▸ **Data**:
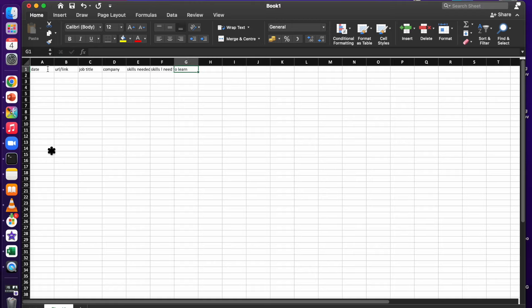You can add more columns — for example, country if you're applying to multiple countries, or job level, and so on. You can then keep refining your database. After building it, I narrowed my research to jobs where my skill set was at least 50-60% matched.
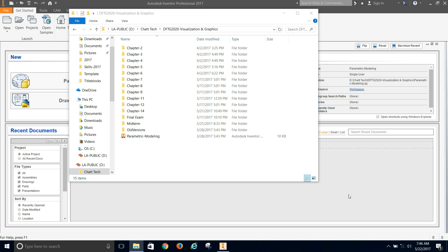Okay, this video is to get you started with your organization for using Inventor. The textbook tells you to set up folders and to create a project.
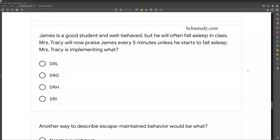Welcome back. Today we're continuing our review of our third BCBA practice exam, where we're going through the next 10 questions and breaking them down. If you're new to the channel, welcome. If you're returning, welcome back. Please like and subscribe. If you're looking for this exam plus our other two, please check out bcbastudy.com. We also offer a full task list, study guide, flashcards, and our combo pack, which includes everything. Work hard, study hard. Let's get to our questions.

▸ **Action item**:
Pictures are to be left out; otherwise, retype exactly the lines from the first line of the data through the line containing "Okay, this video".

▸ **Solution for this exercise**:
You can add more columns — for example, country if you're applying to multiple countries, or job level, and so on. You can then keep refining your database. After building it, I narrowed my research to jobs where my skill set was at least 50-60% matched.
Okay, this video is to get you started with your organization for using Inventor. The textbook tells you to set up folders and to create a project.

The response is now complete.